About Lisa

Lisa’s work has appeared in the Huffington Post, COMO Living Magazine, and The Columbia Tribune. She is the recipient of the 2020 Betty Gabehart Prize for nonfiction from the Kentucky Women Writers Conference.

There was a little girl who had a little curl right in the middle of her forehead.  And when she was good, she was very, very good, but when she was bad, she was horrid.*

The saga of my hair mirrors the story of my life.  I was born with thick, coarse, curly hair and I hated it.  As a teen in the 70’s, when everyone else flipped their silky, smooth tresses over their shoulder like a Breck girl, I fought mine. Chemically straightening, blow drying, even sleeping in a bandana to smash down the volume were ineffectual efforts to tame my hair into something it could never be. Only when I called a truce and let my mane grow wild did its true nature with its own definition of beauty emerge, inviting me to embrace it exactly as was. That turned out to be very, very good, (and I have to be honest, very, very big).

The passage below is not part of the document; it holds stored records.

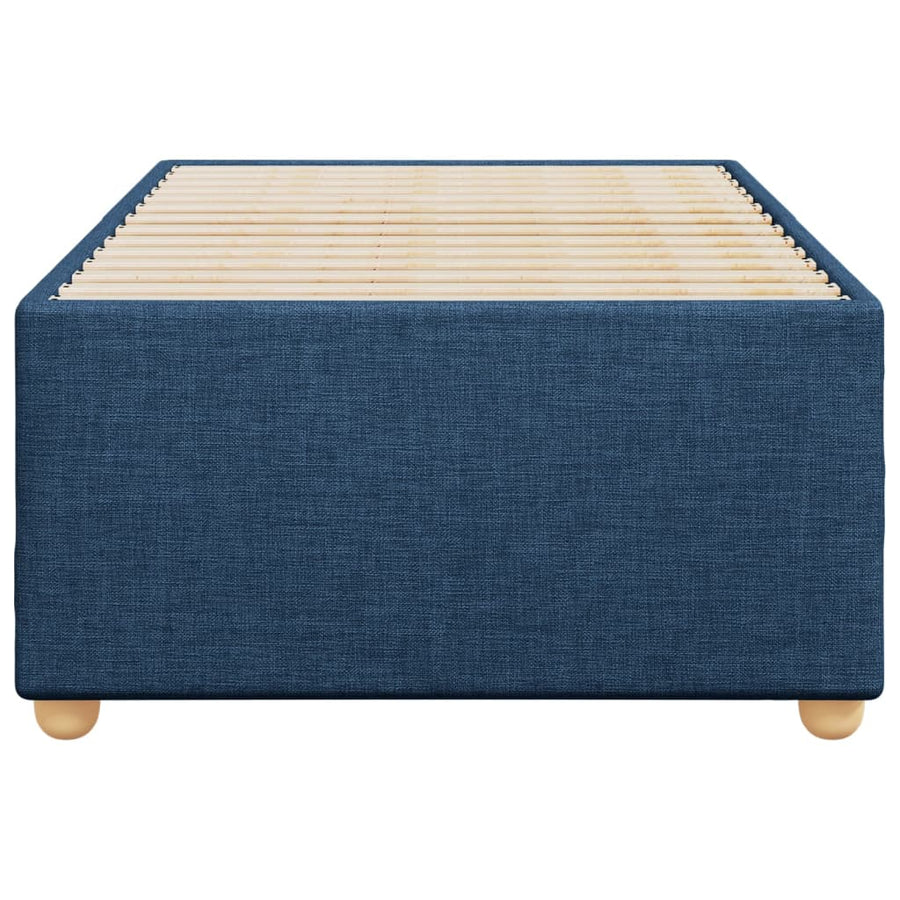 Bedframe stof blauw 80x200 cm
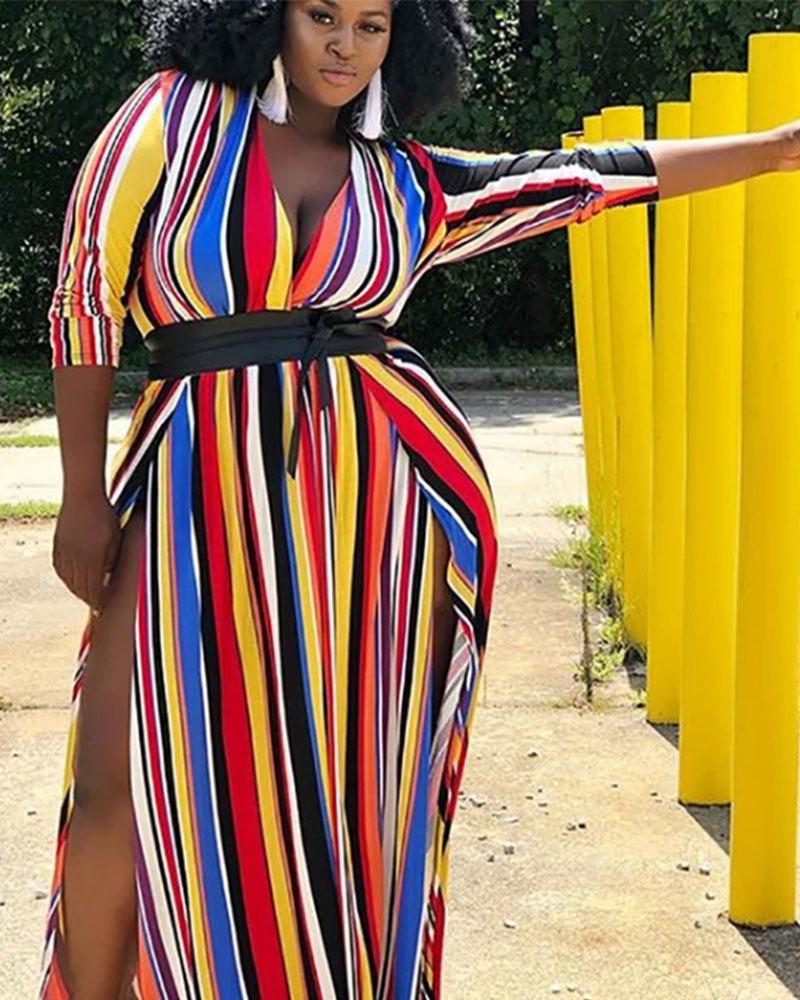 LETTING YOU KNOW PLUS SIZE MAXI DRESS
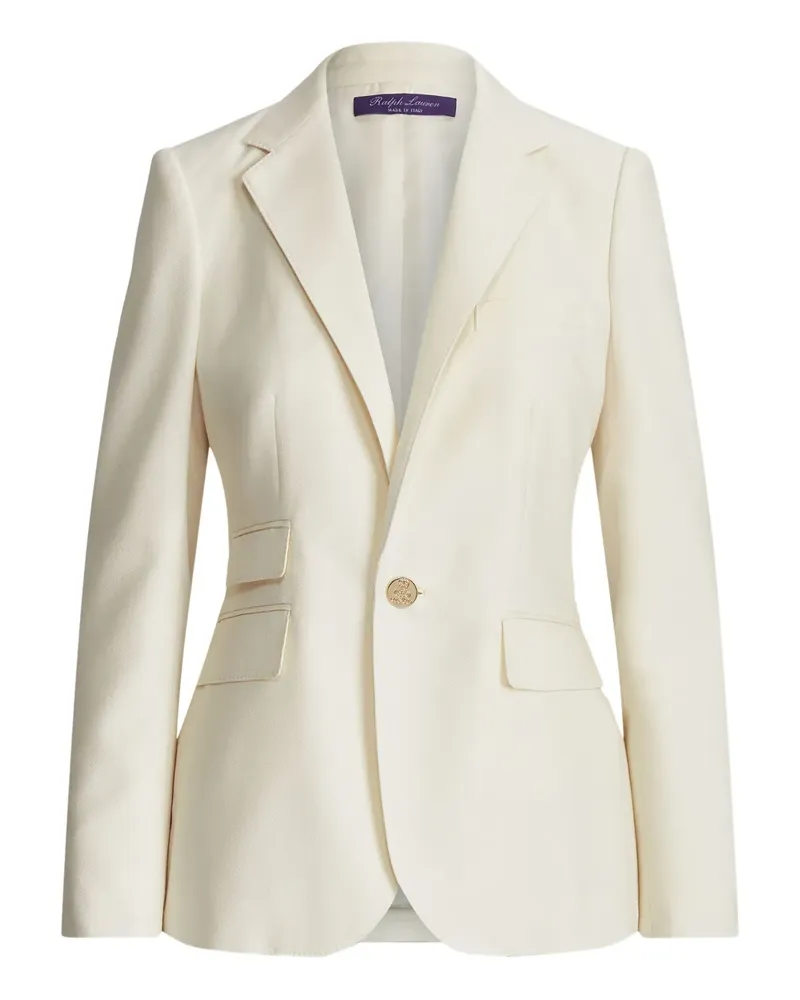 Ralph Lauren button-fastening tailored blazer - Nude Nude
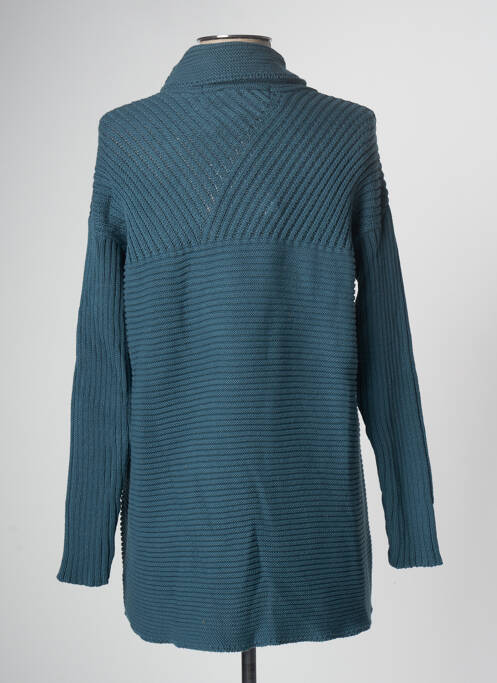 Pulover cu guler înalt albastru PAN femeie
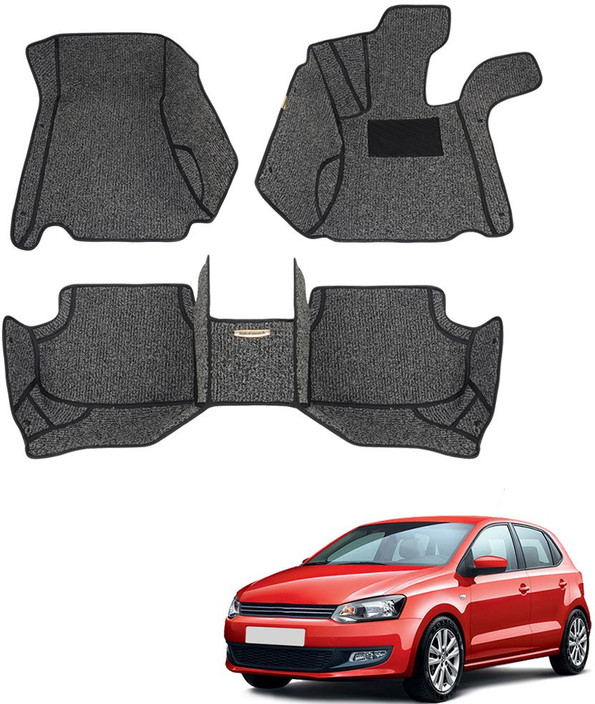 Rubber Floor Mats Set Vw Polo 9n 4 Pcs Exact Fit Vehicle Parts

The story of my life began with my earnest pursuit of being the perfect young woman, wife and mother others expected me to be. It turns out my persona couldn’t be molded by oppression; my spirit refused to be smashed or tamed or denied, and when I followed where my heart led, I found an existence more beautiful than I could ever have imagined, an expression of my authentic self; wild, unbounded and free. In my nearly six decades on the planet, I’ve birthed four amazing children, pursued three rewarding careers, lived two distinct lives and procured one true love. This is the stuff of which my writing is made.  Good, bad or horrid.  Thanks for reading.